Of course, the beastly machine heard that. More plasma bolts smoked into the floor, creating holes, but not blasting all the way through. Blaze stomped through the fountain and retrieved his flail. He activated it and hurled it again. And again, his aim was true.
The sun-fire spheres disintegrated more of the spiked fleas.
“So much fun!” Xerxes laughed. “I hhhaven’t had this much fun in millennia.” More fleas emerged from the robot’s body, and in seconds they dismantled the rifle and used the pieces to repair the head.
Blaze realized the demon was toying him. At any moment, Xerxes could find him and tear him limb from limb. Fear crept into his belly. How were they ever going to defeat this foe? And how was he going to do it alone?
The answer to that last question was easy. He wasn’t.
Elle and Trina burst into the room.
Elle flung a silver cross at the demon robot floating above the fountain. She then growled Onyx speak and cast her exorcise spell.
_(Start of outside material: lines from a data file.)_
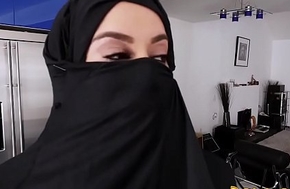 Muslim prexy slut pov sucking together with riding horseshit in burka
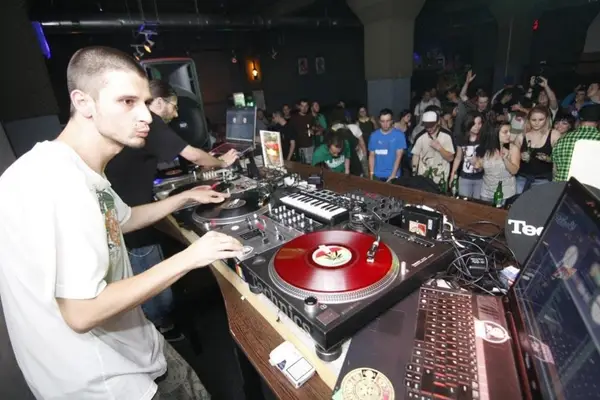 Proaspat Intors cu DJ Limun, Saga si Se la Setup Venue
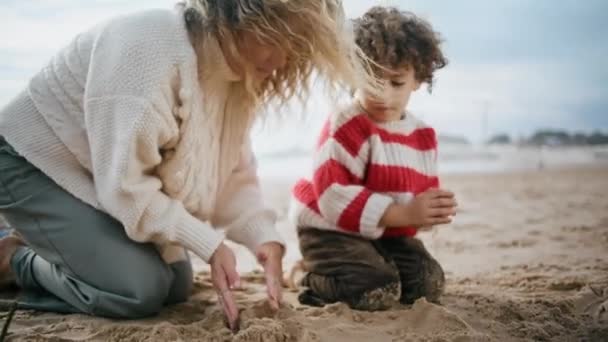 Семейное Строительство Песчаного Замка Прохладном Пляже Мать Одиночка Играющая Маленького — стоковое видео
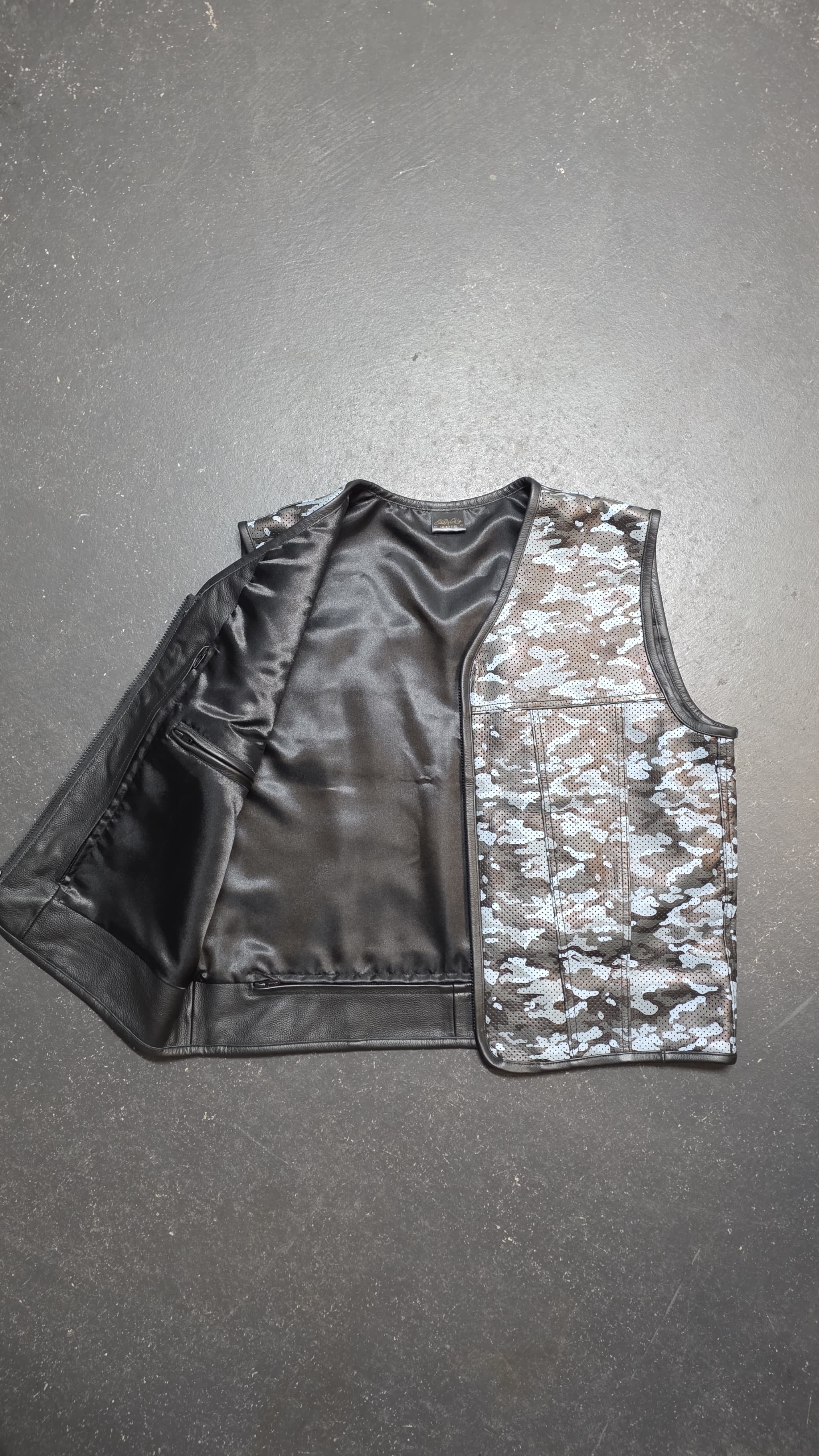 🔥Discounted - Ready to Ship!🔥 EURO STORM CAMO - XL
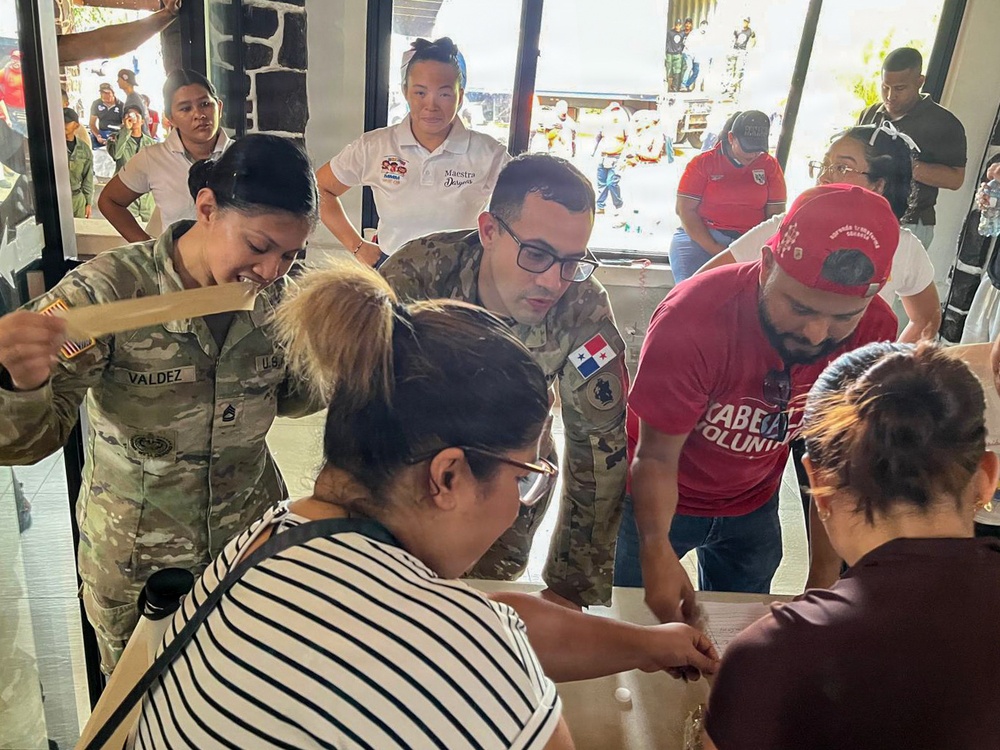 U.S. Army supports volunteer effort to send aid to Venezuela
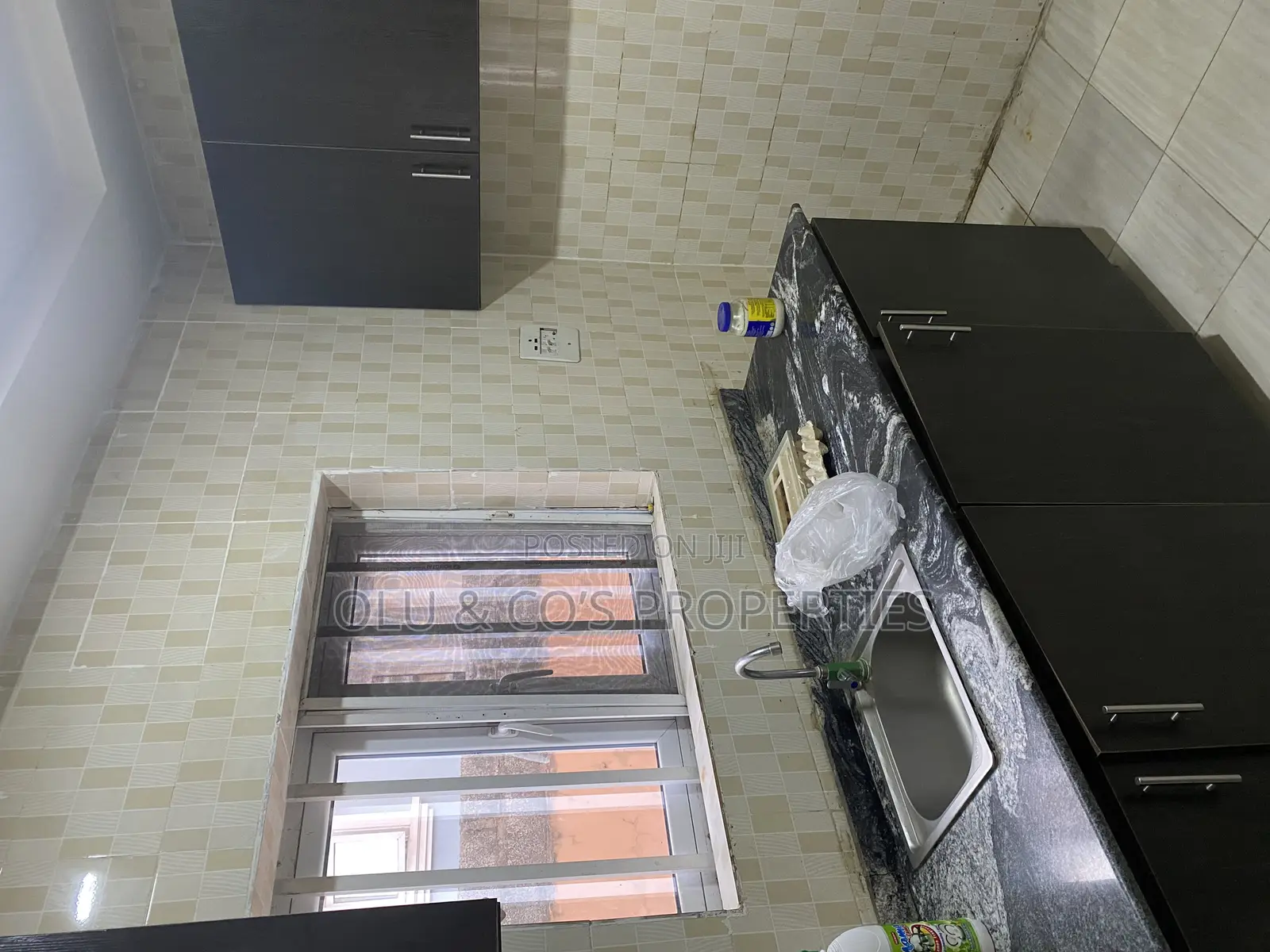 2bdrm Block of Flats in Nut District for rent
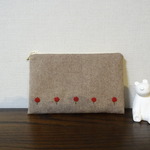 赤いお花の刺繍入りフラットポーチ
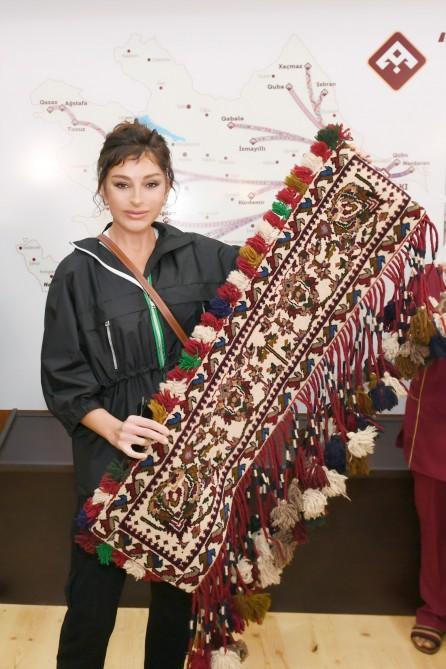 Президент Ильхам Алиев и Первая леди Мехрибан Алиева приняли участие в открытии Гобустанского филиала ОАО «Азерхалча» (ФОТО) (версия 2)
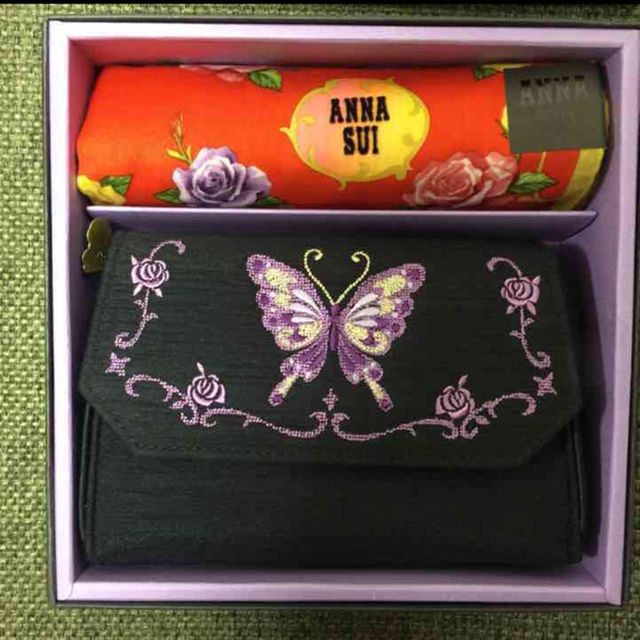 ANNA SUI(アナスイ)のANNA SUI ハンカチ&ポーチセット レディースのバッグ(ボディバッグ/ウエストポーチ)の商品写真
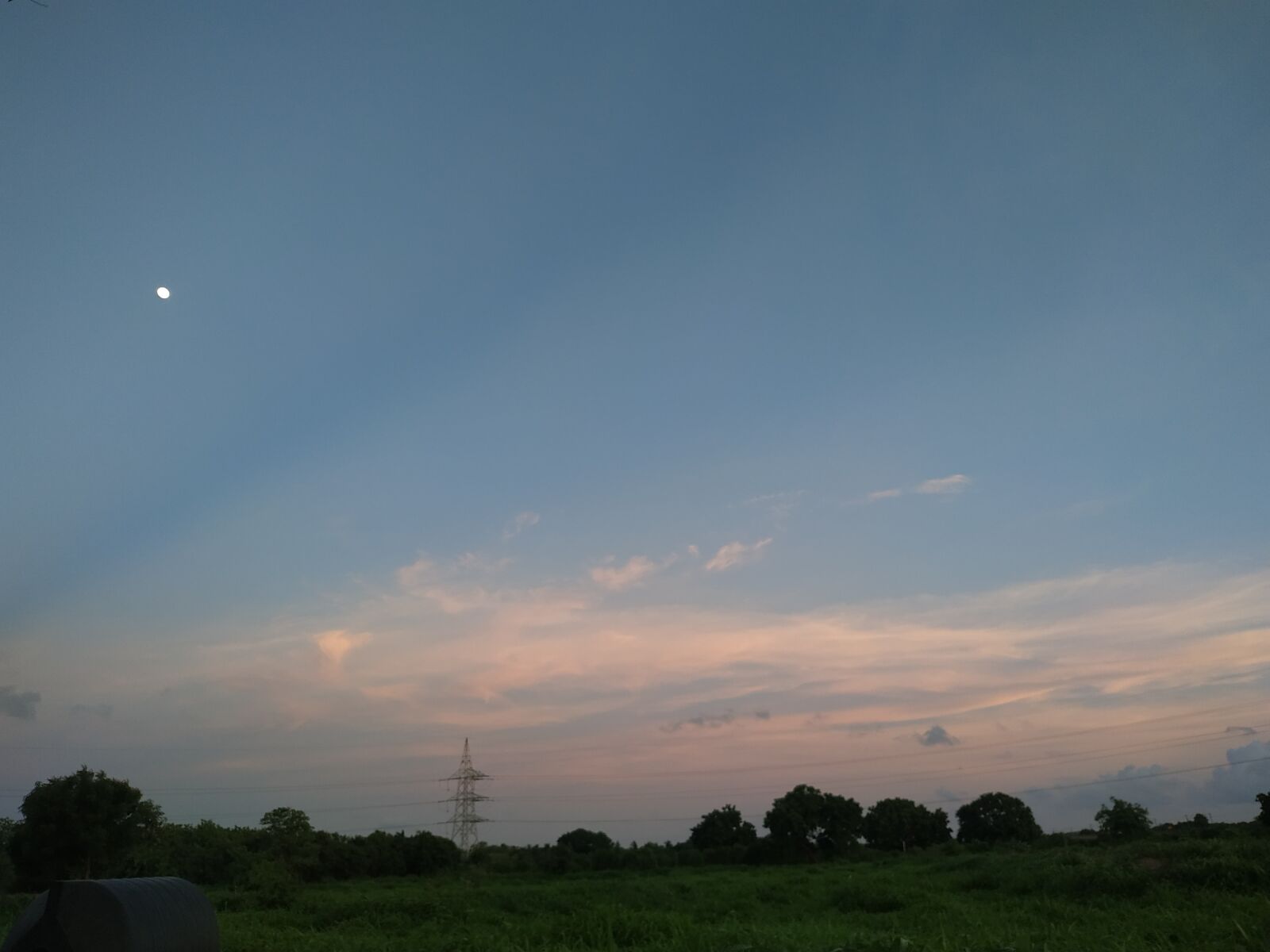 Xiaomi Redmi Note 6 Pro sample photo. Evening, peace, fullmoon photography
The demon let out a howl of fury. Bits of the thing as well as spiked fleas rained down. Superimposed over the robot’s frame was a jackal-headed crimson figure—goat horns, donkey ears, cruel clawed hands, and goat feet on crooked legs. The true shape of Xerxes. This wasn’t the hologram of the demon’s face, but the wicked thing itself. The maliciousness of the creature had been muted by the robot, but Elle had pulled it out.
Seeing the thing’s awful form was too much for Trina. She fell to her knees, weeping. If she hadn’t already cleared her system, she would’ve been barfing again.
Blaze’s skin crawled, and he felt his stomach lurch. The thing, that awful thing, didn’t belong in this world. It was rot made flesh. It was chaos worshipped. It w
as decay personified.
Xerxes shrieked, and Elle let out a shrill weeping sound. She was pulling the demon from the body even as she tried to tear it apart.
“No!” Xerxes screamed.
Though on her knees, Elle had her fists up, straining at her spell. Tears streamed down her cheeks and blood ran freely from her nose.
“I am this body!” Xerxes wept. “I can’t be removed. Too much, too much, clinging, I feel the metal clinging to me. Killing me. Killing me to leave it! No!!!”
Blaze clapped his hands over his ears and closed his eyes. But still he saw the awful form of the demon lord and could feel its malevolent energy. This was pure Onyx, and it was poisonous to all life in the universe.
Elle let out a yell and slumped down.
Instead of attacking them, Xerxes fled out of the room, up the stairs, dropping metal and body parts as he went.
Still, the shape of his true form, the feel of his true spirit, filled Blaze’s mind with revulsion. Would he ever be able to unsee it?
What had they been fighting?
Had it been the Devil himself?
No, Xerxes had talked of a father, a lord and master, but what could be worse than the awful thing they’d seen exposed when Elle had tried to pull it out of the P13rce unit?
Blaze didn’t want to find out.
For the first time since he’d started hunting demons, at the age of thirteen, Blaze didn’t want to hunt; he had zero desire to meet what Xerxes had called his lord and master.
Blaze didn’t want to know more. Anything more powerful than Xerxes would undoubtedly kill him or drive him insane.
The gunnery sergeant crawled over to Elle, who was gasping, on her back, sniveling. Her face was a mask of gore. She wasn’t just bleeding out of her nose, but her eyes and ears as well. Her helmet had been torn off, and the blood congealed in her dark hair.
She was gibbering, weeping, and Blaze took her face in his hands. “Open your eyes, Elle. Open them. Look at me.”
She did. Fearful brown eyes stared up at him.